# Inspect feature importance

A good way to diagnose a model is to look at which features are important. First we load the model

In [1]:
import pandas as pd
import numpy as np
import matplotlib.pyplot as plt
from pathlib import Path

import sys
sys.path.append("..")
from ml_editor.data_processing import format_raw_df

data_path = Path('../data/writers.csv')
df = pd.read_csv(data_path)
df = format_raw_df(df.copy())

  interactivity=interactivity, compiler=compiler, result=result)


In [2]:
from ml_editor.data_processing import get_split_by_author, get_vectorized_inputs_and_label, add_text_features_to_df

df = add_text_features_to_df(df.loc[df["is_question"]].copy())
train_df, test_df = get_split_by_author(df, test_size=0.2, random_state=40)

In [3]:
from sklearn.externals import joblib

model_path = Path("../models/model_1.pkl")
clf = joblib.load(model_path) 
vectorizer_path = Path("../models/vectorizer_1.pkl")
vectorizer = joblib.load(vectorizer_path) 

In [4]:
from ml_editor.data_processing import get_vectorized_series, get_feature_vector_and_label

train_df["vectors"] = get_vectorized_series(train_df["full_text"].copy(), vectorizer)
test_df["vectors"] = get_vectorized_series(test_df["full_text"].copy(), vectorizer)

features = [
                "action_verb_full",
                "question_mark_full",
                "text_len",
                "language_question",
            ]
X_train, y_train = get_feature_vector_and_label(train_df, features)
X_test, y_test = get_feature_vector_and_label(test_df, features)

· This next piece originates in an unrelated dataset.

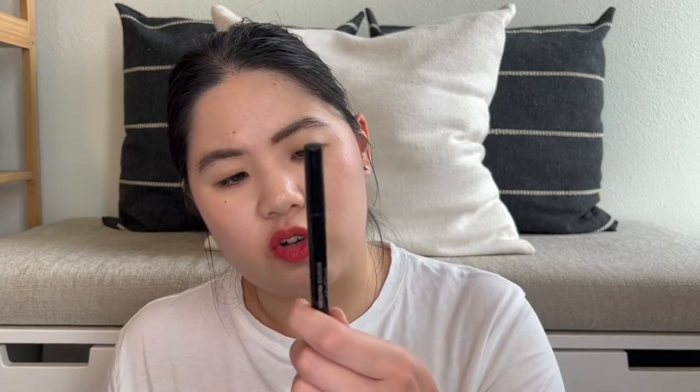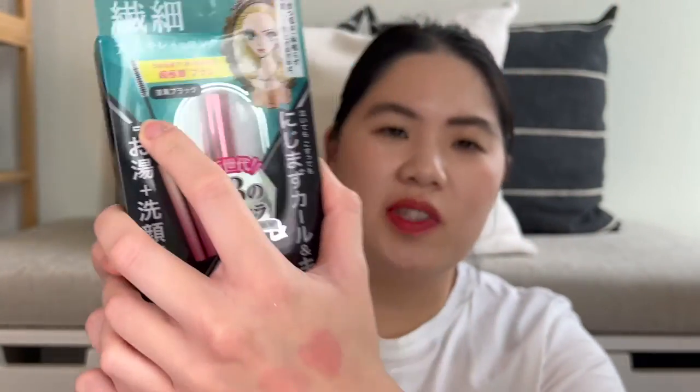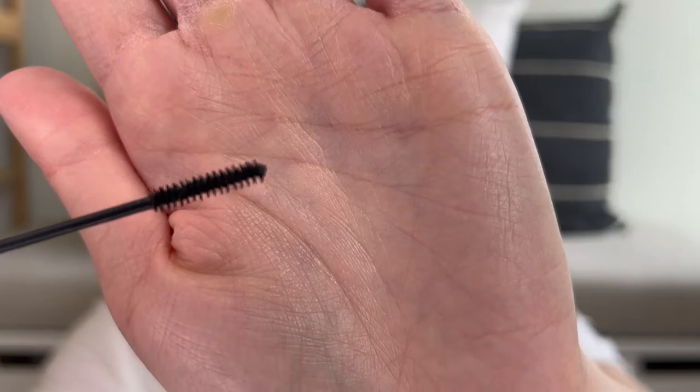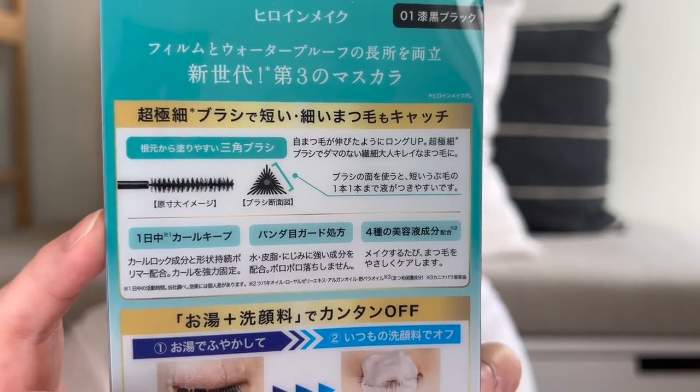It's interesting because the Heroin Make is a Japanese eyeliner and the McQueen is Korean, so we'll see how they compare. I also decided to try the Heroin Make Micro Mascara, which I thought was interesting just because it has a smaller brush. I normally use the Heroin Make Longing Curl, which has a curved brush, but I thought a smaller mascara brush could get closer to the lash line. According to the packaging, the brush is triangle-shaped — I'm not 100% sure what that means for how it applies mascara, but we'll see.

A value is trying to be set on a copy of a slice from a DataFrame.
Try using .loc[row_indexer,col_indexer] = value instead

See the caveats in the documentation: http://pandas.pydata.org/pandas-docs/stable/indexing.html#indexing-view-versus-copy
  This is separate from the ipykernel package so we can avoid doing imports until
A value is trying to be set on a copy of a slice from a DataFrame.
Try using .loc[row_indexer,col_indexer] = value instead

See the caveats in the documentation: http://pandas.pydata.org/pandas-docs/stable/indexing.html#indexing-view-versus-copy
  after removing the cwd from sys.path.


Now let's look at the most important features

In [5]:
from ml_editor.model_evaluation import get_feature_importance

w_indices = vectorizer.get_feature_names()
w_indices.extend(features)
all_feature_names = np.array(w_indices)


In [6]:
k = 10
print("Top %s importances:\n" % k)
print('\n'.join(["%s: %.2g" % (tup[0], tup[1]) for tup in get_feature_importance(clf, all_feature_names)[:k]]))

print("\nBottom %s importances:\n" % k)
print('\n'.join(["%s: %.2g" % (tup[0], tup[1]) for tup in get_feature_importance(clf, all_feature_names)[-k:]]))

Top 10 importances:

text_len: 0.0091
are: 0.006
what: 0.0051
writing: 0.0048
can: 0.0043
ve: 0.0041
on: 0.0039
not: 0.0039
story: 0.0039
as: 0.0038

Bottom 10 importances:

horrifying: 0
succeeds: 0
fired: 0
settling: 0
settled: 0
horrific: 0
cms: 0
pulling: 0
coast: 0
moonlight: 0


We can see that the text length is the most important feature. On the other hand, our other generated features end up being the least important.